# Hawaii Dive Photos



## fishphoto (Mar 3, 2005)

I just got back from my honeymoon in Oahu and thought I would share a few photos from our dives. I have a ton to go through, so these are just a few I picked out when I got home yesterday. These were all shot with a Nikon D90. Wide angle shots used the 12-24/4 and the macro stuff was shot with the 105/2.8VR. I'll post more later.


----------



## sandybottom (Jun 1, 2005)

Those are fantastic! Congrats to your marriage! That war plane was really neat!


----------



## Gator_Nutz (Sep 27, 2006)

Congratulations you two! 
James


----------



## MT Stringer (May 21, 2004)

Congrats.
I really like the color contrast in #3.


----------



## fishphoto (Mar 3, 2005)

*A few more*

Our group heading down into the blue










Frog Fish (see if you can find him)









My wife


















Octopus









Japanese Dragon Eel



























9' Galapogos Shark (shot from inside a cage)









on my way down for some macro shots


----------



## The Machine (Jun 4, 2007)

Super pics, congratulations on your marriage


----------



## Saltwater Soul (May 31, 2005)

Very nice. Tell us about the housing for the D90.


----------



## fishphoto (Mar 3, 2005)

Saltwater Soul said:


> Very nice. Tell us about the housing for the D90.


I'm using the Ikelite housing for the D90. I got the 8" dome port for the 12-24 and a flat port for the 105. I have decided that the 105 is too long on the D90 (1.5x crop) for underwater - mainly because it requires me to back up a lot of times to get a fish completely in the fram and my strobes become less effective at the longer distances. It's also extremely difficult to shoot macro underwater if there is a current. I am opting for the 60mm macro for future dives. I'm using two Ikelite DS-161 strobes.

A lot of people complain about the Ikelite housings being to big and bulky, but I don't have a problem with it. I'm not going to pay the extra $$ for one of the machined aluminum housings. I actually like the fact that the Ike housings are clear and I can visually inspect my o-ring seal before getting in the water.


----------



## jlatigo (Aug 4, 2006)

wow!! great pics! congrats on your marriage!


----------



## Brassnadz (Jun 18, 2007)

Great pictures. I used to have a Nikonos V but never got the hang of it to get shots like those. Thanks for sharing.


----------



## fishphoto (Mar 3, 2005)

Brassnadz said:


> Great pictures. I used to have a Nikonos V but never got the hang of it to get shots like those. Thanks for sharing.

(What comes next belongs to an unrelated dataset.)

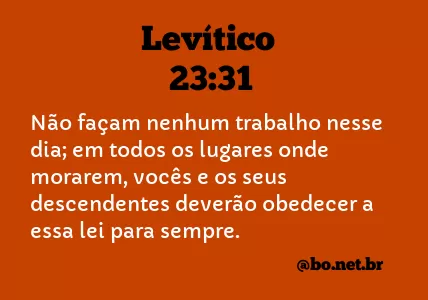 Levítico 23:31 NTLH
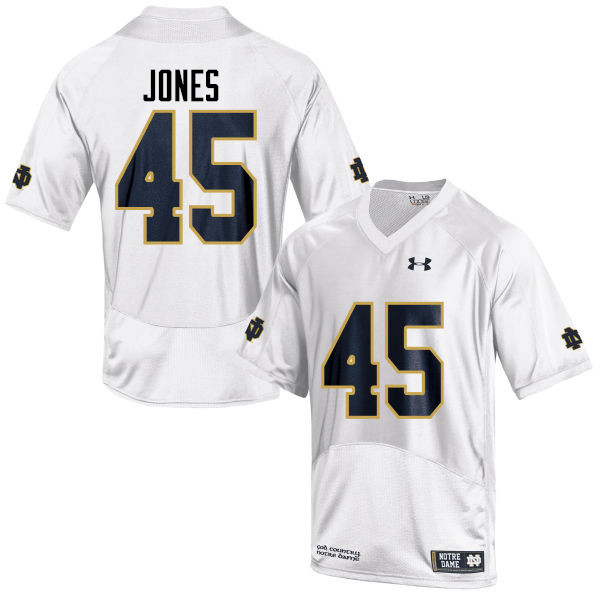 Men's NCAA Notre Dame Fighting Irish #45 Jonathan Jones Stitched College Under Armour Authentic White Football Jersey HS10C63UR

The digital stuff is much easier. It's a little different than shooting on land but the learning curve is much more forgiving than it was for the Nikonos systems.


----------



## Arlon (Feb 8, 2005)

You sure that isn't Galveston Bay?
So, that's what you've been up too! (-:}


----------



## driftfish20 (May 13, 2006)

Thanks for sharing, Congrats on your marriage and all the best!


----------



## TX HOOKSETTER (Oct 8, 2009)

driftfish20 said:


> Thanks for sharing, Congrats on your marriage and all the best!


X2!!!! :doowapsta


----------



## fishphoto (Mar 3, 2005)

Arlon said:


> You sure that isn't Galveston Bay?
> So, that's what you've been up too! (-:}


Yep, I've been hiding out most of this year. Getting everything planned for the wedding took up quite a bit of time, so I haven't been out shooting much. I am really impressed with the D90 so far. I can see myself carrying it when I travel and don't feel like dragging the big stuff around with me. I was originally planning on getting a D300s do dive with, but got a great deal on the D90 that I couldn't pass up. I would have been happier with the D300s (mainly for the AF), but the D90 will be just fine for most of the stuff I'm planning to do with it.


----------



## Bonito (Nov 17, 2008)

Great pictures. Thanks for sharing. Congratulations on getting married. Hope you have a great life together.


----------



## TokioTX (Apr 10, 2009)

Beautiful pics!


----------



## fishz (Jul 16, 2010)

Those are some great shots! I've always wanted to go swimming with the sharks... only with a cage of course. Congrats on your marriage!


----------